В поле зрения Стефана вмещалось только озеро, но зоркий глаз Гайка тотчас приметил шатры кочевников, рассеянные на востоке, и лошадей, которые паслись, понурив головы, в туманной дымной пустоте.

Гайк, никогда не забывавший о цели похода, показал рукой вдаль:

— Нам туда. Между шоссе и болотами. Двинемся, когда взойдет луна. Давай свою флягу. Я принесу воды. Здесь она еще хорошая. Нам надо выпить много воды. А пока можешь поспать.

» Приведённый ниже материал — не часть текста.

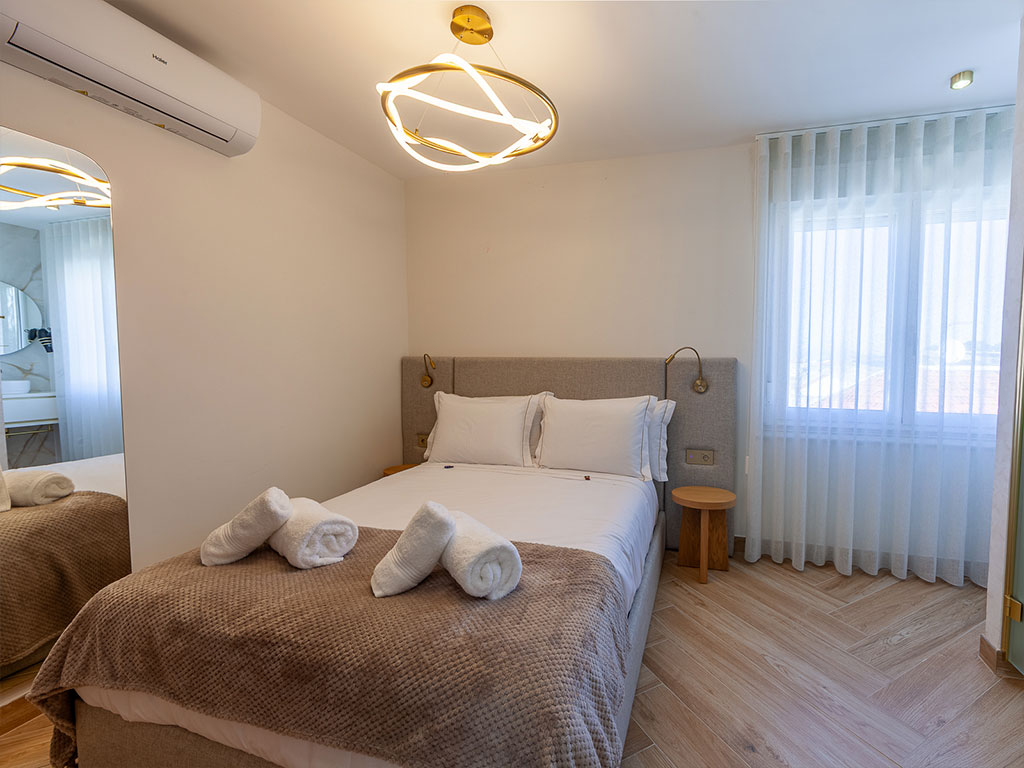 Habitación del apartamento de 1 dormitorio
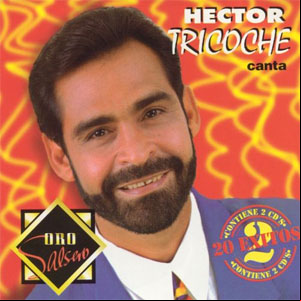 Álbum Oro Salsero: 20 Éxitos de Héctor Tricoche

Но Стефан не лег спать, он подождал, пока его вожатый вернется с наполненными водою флягами. Он послушно пил сколько мог. О еде они оба и не думали. Гайк разостлал свое одеяло так, чтобы можно было в него завернуться. Стефан подполз к нему. Сейчас ему было мало того прохладного соседства с Гайком, каким он довольствовался раньше, на рассвете, когда они спали рядом. Он не. мог побороть нагнетаемую страхом жажду любви и дружбы. И что же? Гайк его понял, Гайк был не тот, что прежде, холодный и замкнутый. Гайк его не оттолкнул. А может, душевная близость с сыном Багратяна не так уж была ему неприятна. Он притянул Стефана к себе и, словно старший брат, укутал одеялом. Они уснули обнявшись.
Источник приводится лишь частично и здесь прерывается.